Been on a hiatus the last month, no dating since that jackass with the iced tea that made me buy my own drink. That left the taste of sour milk in my mouth and I was more than happy to get away, go on vacation and relish my unencumbered and celibate status.

As my life has been a series of vagabond adventures and travels, it seems as though I may be picking up and hitting the road again soon. No need to go into further explanation as this is a dating and relationship blog, not a personal diary, but I mention it because I changed my location on an online profile just to get a taste for what was out there in my potentially new city.

I was completely honest in my profile, mentioning how I travel back and forth, but likely planning to move back. After weeding through a selection of utterly undesirables and guys I might consider if I was bored, I stumbled upon a man who caught my attention in a way I haven’t seen in quite a while.

He had 7 or 8 photos up in various locales and poses, one more fetching than the next. Right up my alley, so cute I wanted to literally jump into the computer screen and crawl into his lap. The kind of guy I know without question I will be attracted to and wanting to jump his bones before the main course is served. Add to that a compatibility rating of 95%. Ninety-five fucking percent with only 2% chance of becoming enemies. Sounds ridiculous I know, but the way okcupid.com works is actually based on the metrics of some very vague and very specific questions about preferences, beliefs, opinions and stances on topics in ethics, sex, lifestyle, dating and “other.” If I’m answering 200+ questions on my beliefs, preferences and lifestyle choices, there’s going to be some accuracy on this rating system. The method of course, does not account for physical attraction, but that goes without saying.

So as far as the photos, check. Compatibility, check. Obvious flaws, red flags or baggage listed? Nope. Check. Has a job/career, check. Similar interests, check. Oh, and did I mention I wanna rape him? I’ve never met him and I already feel like a giddy school girl. This is where it gets bad and I should know better. He’s perfect on paper, and that’s never a good thing. Besides it likely not being true, all it does is build my expectations and anticipation and that’s never a good thing when drawn out over a long period of time.

Taking a step back, he invited me for drinks while I was in town, but due to my schedule and him having to work we couldn’t coordinate getting together. We playfully texted back and forth and he asked when I’d be back in town again. I mentioned that I’d likely return in the next few weeks unless he was interested in a road trip. (Just putting it out there, I figured). He was into it, although I’m not sure exactly what those parameters would be. Nothing ventured nothing gained I figure. He said we should get together and plan something for the second week of September. This of course feels like a lifetime and I’m well aware that is just ample time for me to obsess and him to meet someone else or lose interest. Great!

Do I keep the banter going? Will that make me look too interested? Do I play cool and risk him losing interest? Out of sight out of mind.

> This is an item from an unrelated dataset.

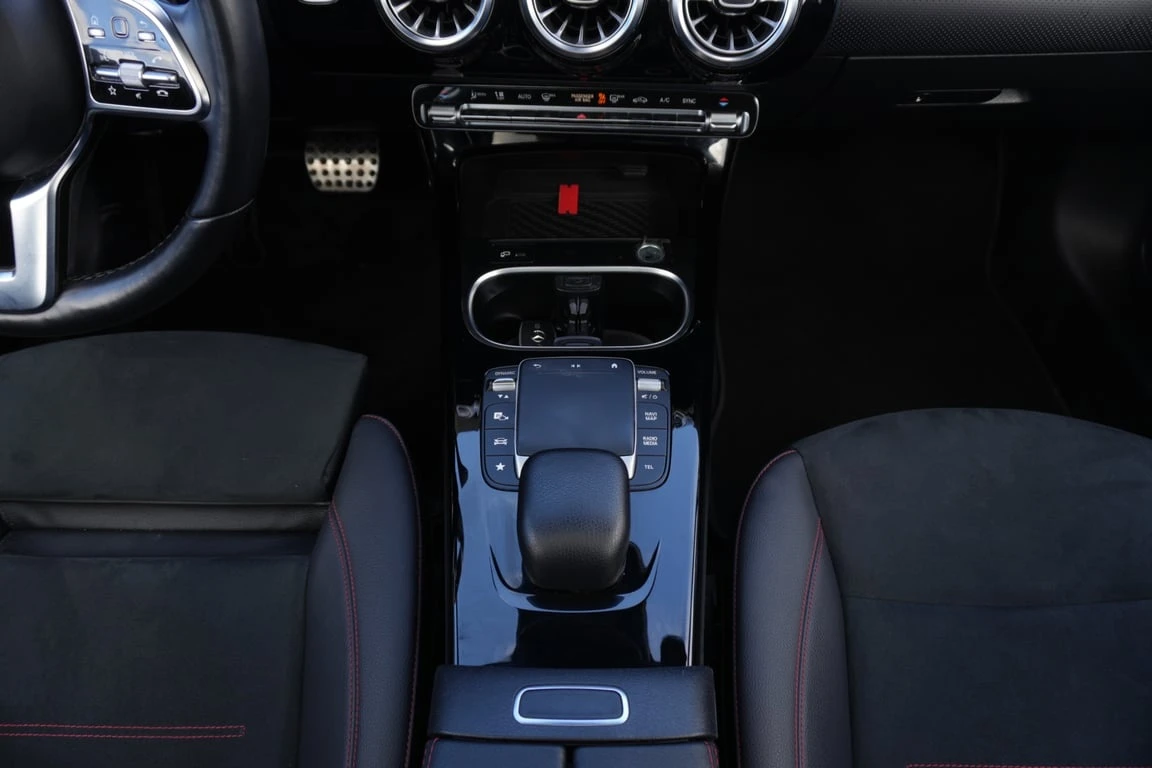 Mercedes-Benz CLA 250 4MATIC * Панорама * KEYLESS * AMG пакет * Carfax  - изображение 9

It all brings about the question I often ponder…..Do men and women get more excited about meeting someone for the first time with the anticipation of the unknown and the hope and promise that brings?…..or the second date after you’ve already met the person and know what you’re getting?

I have no answers but I do know that any time a guy has gone over the top in almost obsessive behavior (i.e.: Still Married Guy) it surely leads to a rapid demise of whatever pipe dream they had in their heads. If they are soooo into you before even meeting, it’s almost certainly a red flag and grounds for disappointment.

Been there done that. Let’s see how this plays out.

8 responses to “I Should Know Better But….

  1. Nice! Find that fine line banter….you know that one :D. In my experience as a pretty bad dater, chatting too much before meeting is bad….

  2. If that was not a retorical question, Baldy suggests after the first date it is more exciting. A man with a big penis = answers to life… Just saying. Good luck! Missed reading your blog posts!

    Mistress M
    Giveheadandheart.com

  3. I’d continue the banter and go for it. Sure there’s a risk of disappointment but if you don’t go for it, you never know. X

  4. Before meeting someone, the temptation for you subconsciousness to fill gaps in your knowledge of that person with your imagination is quite big. Thus, pre-meeting communication should probably be taken with a grain of salt, but you seem to have that figured out already anyway.

    A road trip seems quite a step forward, so reducing communication before in order to not seem to eager seems a little counter-intuitive. How about a phone call? Talking to someone (even over the phone) tends to give you a better feeling of the type of person they are … making plans for a road trip would be a good excuse for a call.